When I realized I needed to find a way of articulating my gratitude, hopes, and desires to The Ineffable (or just The Innumerable, as is my case), I tried talking generically, just journaling, even addressing It as “The Entity in Which I Do Not Deistly Believe” (which was a real step backward, in my opinion).  My instinct, taught from my earliest days, however, was just to fold my hands, bow my head, and pray as I had when I was a twelve-year-old.

So, I stopped struggling.  The God in Which I Do Not Believe is not going to be angry at me for addressing Him this way.  The things in which I do believe are, by definition, beyond such personal communication anyway.  If I am embarrassed by this, it is only the audience of one (myself) who is sniggering.  And what’s her problem, anyway?   I stopped struggling with it, and just started praying and feeling more peace with each communication.  It is a wonderful heuristic or therapy, prayer.  It will help me prioritize, help me stay quiet, help me find answers.  I don’t struggle, just like the Big Book says.

So many paradoxes in recovery, I find.  To defeat my alcoholism, I had to surrender to its permanent fact.  To find my spiritual center, I had to articulate and embrace my atheism.  To practice my atheism, I had to learn to pray.

Comments
  1. Manny Klystron says:

    Thanks for this! I’m a guy in early recovery who was struggling with “To Wives”, and googling around on it turned up some pretty scathing critiques of AA.

    • soberfornow says:

      Oh…yes. Babies…bathwater…etc. Given the way AA works (or the way AA thinks it works), it’s impossible to revise the main text of the BB, even though its dated material is extremely offputting to many 21st century, Western readers. I suppose the fear is that it would create division, where AA unity is everywhere prized in the Traditions. This stance fails to acknowledge that divisions already exist, of course. But, who am I to question the wisdom of the collective conscience?

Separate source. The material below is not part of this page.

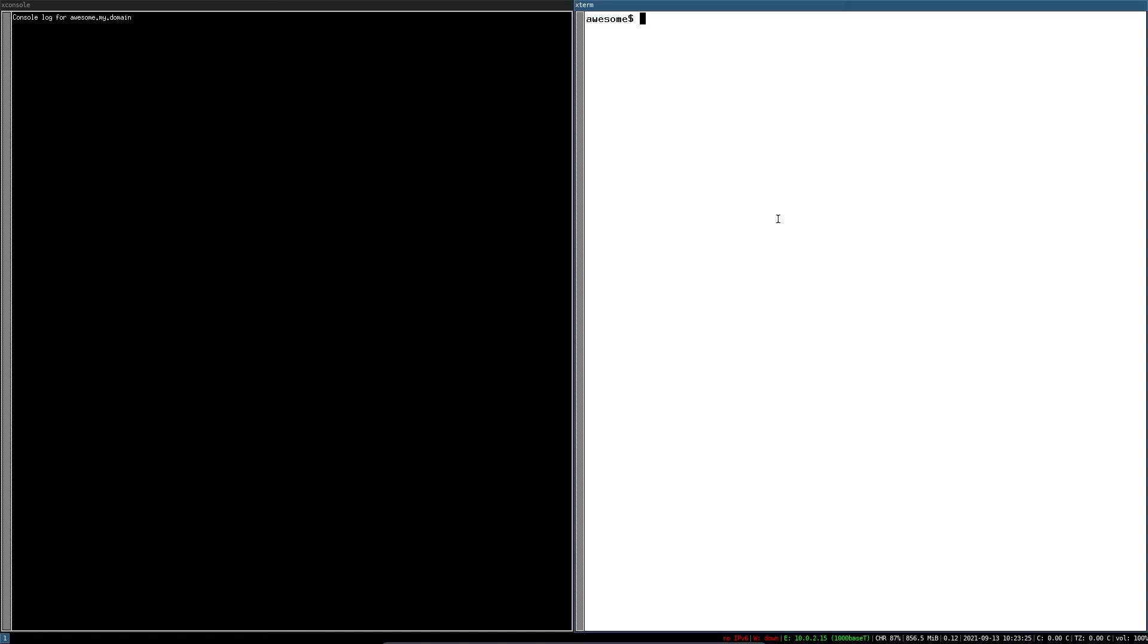Let's play around with it. We can just use the echo command to write to /dev/console. We can even use vim.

      What winds up happening is that people who have been helped by the program defend every word of the BB, just as fundamentalist Christians defend every word of the Bible. (Thus, there’s a Creation Museum with dioramas of fur-wearing cavemen riding dinosaurs 90 minutes from my house. If it didn’t cost $19 to get in, I’d got for sheer cheek!) It’s completely unnecessary. There’s plenty of good stuff in AA–in the BB and in the people I meet–without demanding that I genuflect to some very silly crap that genuinely insults my experience as a woman and as an atheist. But…you know… “take what you need, and leave the rest.”

      I should confess that my “primary fellowship” is Women for Sobriety, not AA–for precisely the reasons I cite here and elsewhere. There are problems with any program, but WFS members have never claimed, for instance, that ours is the only way to get sober. It’s just a facet of AA one has to deal with if one wants to work that program. I still read the BB (dare I say, religiously?). I get a lot from friends and acquaintances working that program. Most WFS members work some “dual” version like this–because, we think that recovery is recovery is recovery.

      Best wishes on your journey. We all DESERVE our sobriety.

  2. Well, I am taking what I like … AA is what worked for me(believe me, it was THE last house on the block) and I do not walk on water yet so….I’ll leave the rest BUT….You my dear are very gifted AND I think this blog and your ability to communicate at this level is simply amazing. Better than a movie with a triple plot! Keep up the GREAT work, I mean that from the bottom of my heart…simply amazing!